### Task prompt
Return only the lines of the listing below that run from the line with "Baby smiling in" through the line with "Yellow topaz in stepped kite-shaped cut", both ends included, exactly as written.
═════ The data ═════
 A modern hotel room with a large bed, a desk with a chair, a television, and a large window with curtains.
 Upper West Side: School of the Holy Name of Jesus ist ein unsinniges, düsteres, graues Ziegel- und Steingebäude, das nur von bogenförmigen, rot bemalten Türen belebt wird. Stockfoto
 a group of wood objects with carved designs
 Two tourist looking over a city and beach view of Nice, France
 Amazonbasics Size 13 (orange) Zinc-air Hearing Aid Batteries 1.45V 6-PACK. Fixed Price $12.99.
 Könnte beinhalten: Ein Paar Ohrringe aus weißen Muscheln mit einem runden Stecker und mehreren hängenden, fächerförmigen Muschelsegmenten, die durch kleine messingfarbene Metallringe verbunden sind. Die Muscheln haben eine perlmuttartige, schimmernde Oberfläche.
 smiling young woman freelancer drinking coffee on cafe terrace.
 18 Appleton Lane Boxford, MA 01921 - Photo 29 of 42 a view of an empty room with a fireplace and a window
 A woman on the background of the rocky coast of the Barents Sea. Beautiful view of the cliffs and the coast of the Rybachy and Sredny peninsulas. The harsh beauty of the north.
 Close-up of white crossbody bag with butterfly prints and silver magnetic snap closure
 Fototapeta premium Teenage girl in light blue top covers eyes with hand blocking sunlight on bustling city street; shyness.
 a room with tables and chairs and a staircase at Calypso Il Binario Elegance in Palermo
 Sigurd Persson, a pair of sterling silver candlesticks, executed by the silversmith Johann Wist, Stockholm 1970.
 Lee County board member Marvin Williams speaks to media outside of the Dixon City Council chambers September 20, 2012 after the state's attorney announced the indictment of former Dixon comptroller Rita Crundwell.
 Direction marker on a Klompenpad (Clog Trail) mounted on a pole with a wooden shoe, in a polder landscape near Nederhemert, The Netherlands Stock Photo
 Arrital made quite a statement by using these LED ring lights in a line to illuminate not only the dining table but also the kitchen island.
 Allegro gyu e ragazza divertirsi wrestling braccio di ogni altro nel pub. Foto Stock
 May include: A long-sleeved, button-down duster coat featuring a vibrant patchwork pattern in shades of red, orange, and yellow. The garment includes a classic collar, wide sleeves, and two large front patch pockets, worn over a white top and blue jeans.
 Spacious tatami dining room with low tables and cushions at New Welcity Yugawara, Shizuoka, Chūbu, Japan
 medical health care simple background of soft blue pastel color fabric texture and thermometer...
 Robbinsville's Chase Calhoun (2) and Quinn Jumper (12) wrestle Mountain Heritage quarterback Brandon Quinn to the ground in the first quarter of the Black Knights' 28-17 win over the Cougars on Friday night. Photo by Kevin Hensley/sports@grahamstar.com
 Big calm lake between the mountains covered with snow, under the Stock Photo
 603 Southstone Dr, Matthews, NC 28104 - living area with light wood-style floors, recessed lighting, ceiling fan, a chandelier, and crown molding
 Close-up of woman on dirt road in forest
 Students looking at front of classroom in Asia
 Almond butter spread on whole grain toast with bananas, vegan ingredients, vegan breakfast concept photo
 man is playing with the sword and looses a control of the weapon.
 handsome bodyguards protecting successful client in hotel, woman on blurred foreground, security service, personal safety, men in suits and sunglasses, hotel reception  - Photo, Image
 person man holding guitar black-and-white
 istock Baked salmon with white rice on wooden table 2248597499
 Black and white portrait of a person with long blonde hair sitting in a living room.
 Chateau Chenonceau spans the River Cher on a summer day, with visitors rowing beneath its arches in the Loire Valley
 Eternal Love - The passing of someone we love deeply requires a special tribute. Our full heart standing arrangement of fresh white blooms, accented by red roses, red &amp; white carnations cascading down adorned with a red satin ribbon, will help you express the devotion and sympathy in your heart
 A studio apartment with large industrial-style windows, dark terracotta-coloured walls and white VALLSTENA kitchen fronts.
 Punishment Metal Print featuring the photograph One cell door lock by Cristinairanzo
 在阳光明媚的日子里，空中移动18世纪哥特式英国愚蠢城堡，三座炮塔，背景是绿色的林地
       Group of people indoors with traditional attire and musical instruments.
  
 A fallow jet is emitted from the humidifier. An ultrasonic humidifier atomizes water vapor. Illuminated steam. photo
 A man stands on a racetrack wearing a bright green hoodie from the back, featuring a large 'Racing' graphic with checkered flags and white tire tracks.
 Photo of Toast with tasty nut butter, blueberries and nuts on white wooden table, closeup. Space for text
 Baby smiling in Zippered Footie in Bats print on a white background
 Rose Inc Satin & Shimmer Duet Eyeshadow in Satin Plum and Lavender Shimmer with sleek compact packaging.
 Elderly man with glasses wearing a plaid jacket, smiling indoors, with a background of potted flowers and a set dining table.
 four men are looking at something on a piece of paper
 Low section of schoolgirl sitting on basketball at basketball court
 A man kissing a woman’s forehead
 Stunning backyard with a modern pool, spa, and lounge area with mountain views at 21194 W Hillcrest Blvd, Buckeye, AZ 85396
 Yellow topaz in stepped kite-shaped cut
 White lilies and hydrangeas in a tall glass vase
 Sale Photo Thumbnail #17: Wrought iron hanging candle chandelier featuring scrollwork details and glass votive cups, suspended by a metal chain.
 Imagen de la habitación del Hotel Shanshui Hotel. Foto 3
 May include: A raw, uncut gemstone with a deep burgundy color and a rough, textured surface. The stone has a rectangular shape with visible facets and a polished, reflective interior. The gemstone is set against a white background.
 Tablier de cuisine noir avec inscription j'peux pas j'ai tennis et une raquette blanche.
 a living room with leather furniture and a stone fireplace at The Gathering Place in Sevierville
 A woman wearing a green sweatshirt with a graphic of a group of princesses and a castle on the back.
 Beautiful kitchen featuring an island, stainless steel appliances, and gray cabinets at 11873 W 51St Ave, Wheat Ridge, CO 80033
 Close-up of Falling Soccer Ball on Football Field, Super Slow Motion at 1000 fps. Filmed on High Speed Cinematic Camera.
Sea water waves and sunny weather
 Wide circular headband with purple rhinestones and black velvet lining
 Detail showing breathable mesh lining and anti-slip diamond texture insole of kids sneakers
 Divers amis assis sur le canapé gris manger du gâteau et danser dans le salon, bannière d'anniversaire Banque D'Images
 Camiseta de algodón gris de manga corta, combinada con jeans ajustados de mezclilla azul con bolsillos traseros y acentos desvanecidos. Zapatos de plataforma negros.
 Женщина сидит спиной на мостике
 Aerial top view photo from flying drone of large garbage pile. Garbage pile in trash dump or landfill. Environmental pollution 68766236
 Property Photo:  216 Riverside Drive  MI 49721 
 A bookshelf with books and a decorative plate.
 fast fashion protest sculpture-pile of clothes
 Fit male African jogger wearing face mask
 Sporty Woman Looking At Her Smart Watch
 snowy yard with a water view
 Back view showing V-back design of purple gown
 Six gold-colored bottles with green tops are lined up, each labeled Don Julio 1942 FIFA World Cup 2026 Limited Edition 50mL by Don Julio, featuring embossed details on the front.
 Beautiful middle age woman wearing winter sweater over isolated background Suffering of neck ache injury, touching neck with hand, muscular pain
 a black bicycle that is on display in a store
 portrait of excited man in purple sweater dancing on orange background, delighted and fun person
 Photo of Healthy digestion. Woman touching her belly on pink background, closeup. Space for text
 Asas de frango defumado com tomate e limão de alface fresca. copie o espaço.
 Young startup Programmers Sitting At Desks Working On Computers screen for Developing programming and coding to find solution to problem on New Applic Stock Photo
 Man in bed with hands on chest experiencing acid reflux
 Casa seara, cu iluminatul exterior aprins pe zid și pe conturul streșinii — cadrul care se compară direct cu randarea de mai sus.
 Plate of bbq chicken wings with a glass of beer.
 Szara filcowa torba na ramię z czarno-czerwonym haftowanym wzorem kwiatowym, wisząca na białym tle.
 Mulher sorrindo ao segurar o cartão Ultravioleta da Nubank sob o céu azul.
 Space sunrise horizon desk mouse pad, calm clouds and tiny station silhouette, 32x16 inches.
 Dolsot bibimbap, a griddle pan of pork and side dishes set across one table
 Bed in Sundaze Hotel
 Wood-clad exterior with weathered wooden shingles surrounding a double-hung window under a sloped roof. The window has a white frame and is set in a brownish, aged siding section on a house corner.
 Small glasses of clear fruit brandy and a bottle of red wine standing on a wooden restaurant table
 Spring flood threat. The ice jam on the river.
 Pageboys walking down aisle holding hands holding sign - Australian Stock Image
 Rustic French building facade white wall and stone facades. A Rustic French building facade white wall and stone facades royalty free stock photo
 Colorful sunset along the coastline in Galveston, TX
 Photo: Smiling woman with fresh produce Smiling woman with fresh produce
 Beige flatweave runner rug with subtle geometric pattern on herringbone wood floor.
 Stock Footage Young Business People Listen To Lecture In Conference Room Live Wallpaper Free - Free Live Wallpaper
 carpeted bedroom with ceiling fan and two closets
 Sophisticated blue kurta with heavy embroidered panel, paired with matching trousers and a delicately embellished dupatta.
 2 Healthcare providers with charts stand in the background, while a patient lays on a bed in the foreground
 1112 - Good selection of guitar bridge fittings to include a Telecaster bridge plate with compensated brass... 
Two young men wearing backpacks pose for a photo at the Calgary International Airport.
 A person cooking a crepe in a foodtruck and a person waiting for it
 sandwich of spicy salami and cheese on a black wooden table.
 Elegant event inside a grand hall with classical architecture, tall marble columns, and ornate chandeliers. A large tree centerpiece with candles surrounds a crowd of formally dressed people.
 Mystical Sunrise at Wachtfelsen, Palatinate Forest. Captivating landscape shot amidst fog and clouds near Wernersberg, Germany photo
═════
### Finished task
 Baby smiling in Zippered Footie in Bats print on a white background
 Rose Inc Satin & Shimmer Duet Eyeshadow in Satin Plum and Lavender Shimmer with sleek compact packaging.
 Elderly man with glasses wearing a plaid jacket, smiling indoors, with a background of potted flowers and a set dining table.
 four men are looking at something on a piece of paper
 Low section of schoolgirl sitting on basketball at basketball court
 A man kissing a woman’s forehead
 Stunning backyard with a modern pool, spa, and lounge area with mountain views at 21194 W Hillcrest Blvd, Buckeye, AZ 85396
 Yellow topaz in stepped kite-shaped cut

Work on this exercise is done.